WORK TASK: Could you repeat the records below exactly, without the pictures?

MATERIAL FOR THIS EXERCISE:
━━━━━━━━━━

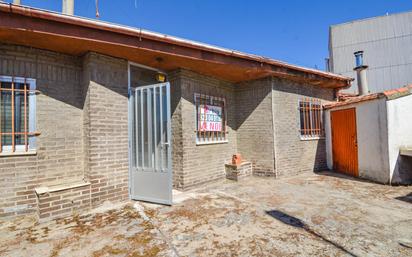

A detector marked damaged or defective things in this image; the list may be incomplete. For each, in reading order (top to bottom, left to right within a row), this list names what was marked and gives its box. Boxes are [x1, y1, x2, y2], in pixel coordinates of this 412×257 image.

cracked concrete floor [0, 170, 412, 256]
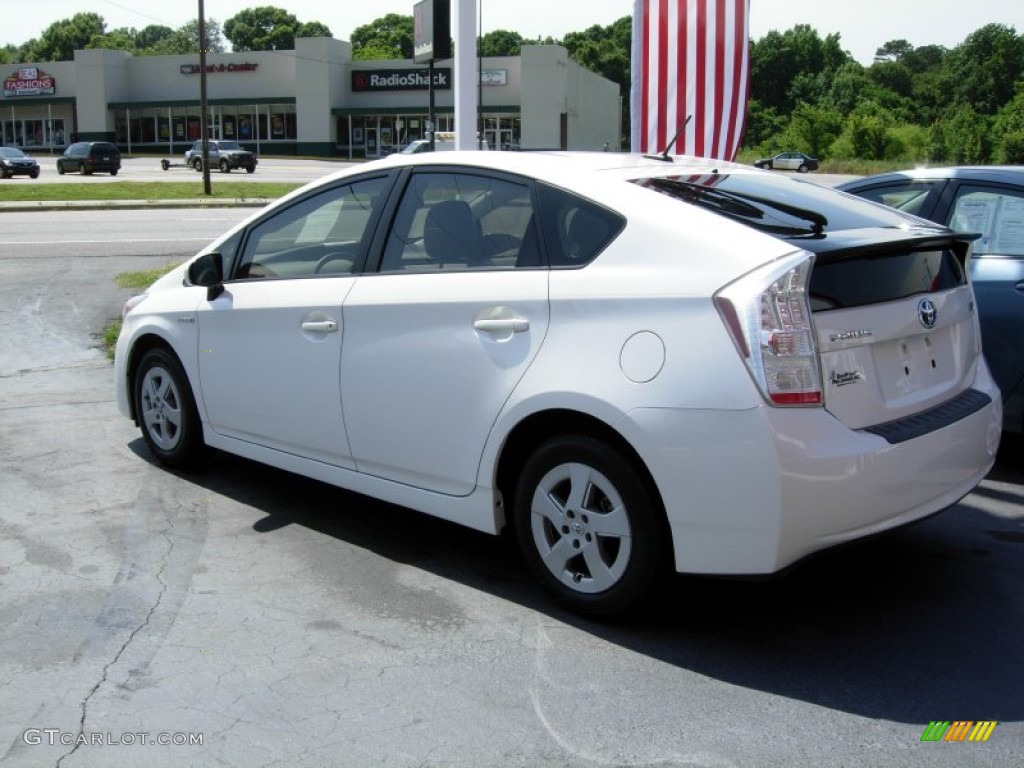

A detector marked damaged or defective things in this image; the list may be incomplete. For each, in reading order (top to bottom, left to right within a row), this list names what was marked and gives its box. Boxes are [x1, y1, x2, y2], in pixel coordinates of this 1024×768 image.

cracked pavement [0, 206, 1020, 768]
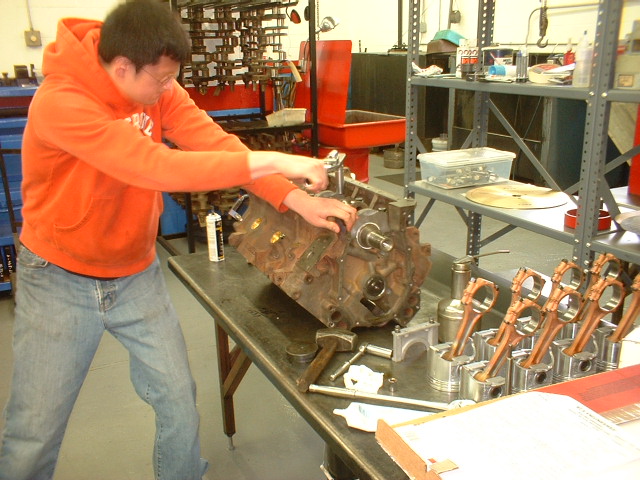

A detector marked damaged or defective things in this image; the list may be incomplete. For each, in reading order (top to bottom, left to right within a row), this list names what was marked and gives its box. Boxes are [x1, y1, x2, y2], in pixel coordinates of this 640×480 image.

rusty engine component [228, 169, 432, 330]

━━━━━━━━━━

ANSWER TO THIS TASK:
A detector marked damaged or defective things in this image; the list may be incomplete. For each, in reading order (top to bottom, left to right within a row), this list names what was marked and gives its box. Boxes are [x1, y1, x2, y2], in pixel coordinates of this 412×257 image.

cracked concrete floor [0, 170, 412, 256]

A detector marked damaged or defective things in this image; the list may be incomplete. For each, in reading order (top to bottom, left to right within a row), this list names what was marked and gives its box. Boxes are [x1, y1, x2, y2], in pixel coordinates of this 1024×768 image.

cracked pavement [0, 206, 1020, 768]

A detector marked damaged or defective things in this image; the list may be incomplete. For each, in reading order (top to bottom, left to right within a row), this list names what was marked and gives its box. Boxes are [x1, y1, x2, y2], in pixel coordinates of this 640×480 image.

rusty engine component [228, 169, 432, 330]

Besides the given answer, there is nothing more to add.